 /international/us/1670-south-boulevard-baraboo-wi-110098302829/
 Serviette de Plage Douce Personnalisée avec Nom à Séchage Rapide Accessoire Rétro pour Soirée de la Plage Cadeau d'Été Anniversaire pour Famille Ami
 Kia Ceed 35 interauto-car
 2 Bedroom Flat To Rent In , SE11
_ _ _
**The task:** Repeat the data in full. Alter nothing.

**Solved exercise:**
 /international/us/1670-south-boulevard-baraboo-wi-110098302829/
 Serviette de Plage Douce Personnalisée avec Nom à Séchage Rapide Accessoire Rétro pour Soirée de la Plage Cadeau d'Été Anniversaire pour Famille Ami
 Kia Ceed 35 interauto-car
 2 Bedroom Flat To Rent In , SE11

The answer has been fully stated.